Simulating the Altair

02 Dec 2017

The Altair 8800 was a build-it-yourself home computer kit released in 1975. The Altair was basically the first personal computer, though it predated the advent of that term by several years. It is Adam (or Eve) to every Dell, HP, or Macbook out there.

Some people thought it’d be awesome to write an emulator for the Z80—a processor closely related to the Altair’s Intel 8080—and then thought it needed a simulation of the Altair’s control panel on top of it. So if you’ve ever wondered what it was like to use a computer in 1975, you can run the Altair on your Macbook:

Altair 8800

Installing it

You can download Z80 pack from the FTP server available here. You’re looking for the latest Z80 pack release, something like z80pack-1.26.tgz.

First unpack the file:

$ tar -xvf z80pack-1.26.tgz

Move into the unpacked directory:

$ cd z80pack-1.26

The control panel simulation is based on a library called frontpanel. You’ll have to compile that library first. If you move into the frontpanel directory, you will find a README file listing the libraries own dependencies. Your experience here will almost certainly differ from mine, but perhaps my travails will be illustrative. I had the dependencies installed, but via Homebrew. To get the library to compile I just had to make sure that /usr/local/include was added to Clang’s include path in Makefile.osx.

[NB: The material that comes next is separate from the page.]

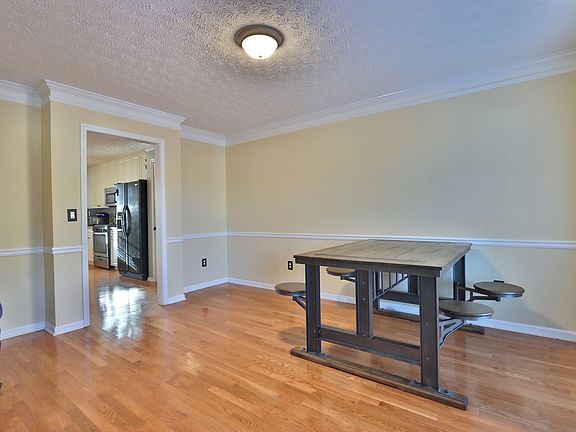 5th image of 1265 Penncross Ct SW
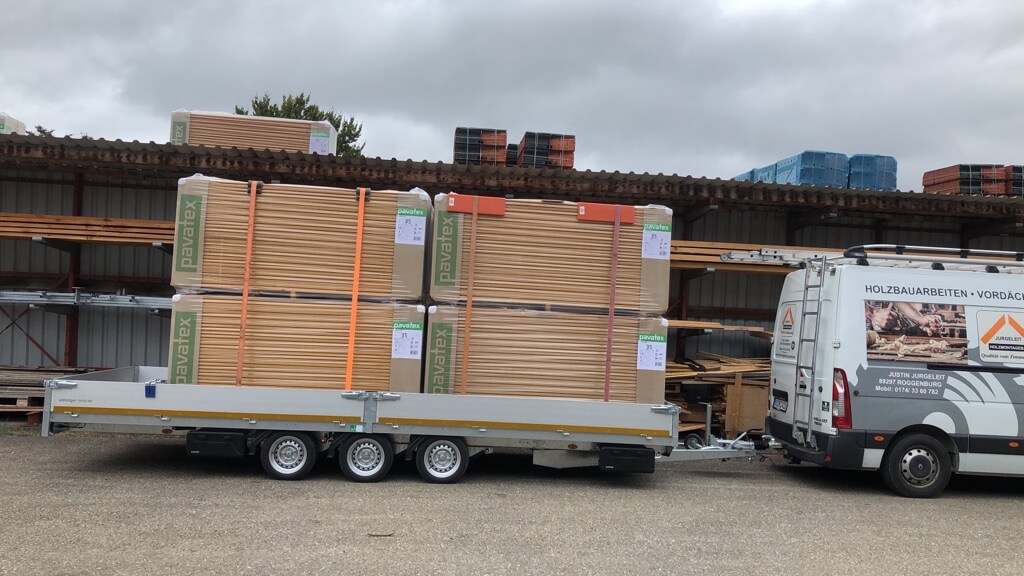  Transport von Holzelementen für die Montage mit Holzmontagebau Jurgeleit in Roggenburg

If you’ve satisfied the dependencies, you should be able to compile the library (we’re now in z80pack-1.26/frontpanel:

$ make -f Makefile.osx ...
$ make -f Makefile.osx clean

You should end up with libfrontpanel.so. I copied this to /usr/local/lib.

The Altair simulator is under z80pack-1.26/altairsim. You now need to compile the simulator itself. Move into z80pack-1.26/altairsim/srcsim and run make once more:

$ make -f Makefile.osx ...
$ make -f Makefile.osx clean

That process will create an executable called altairsim one level up in z80pack-1.26/altairsim. Run that executable and you should see that iconic Altair control panel!

And if you really want to nerd out, read through the original Altair manual.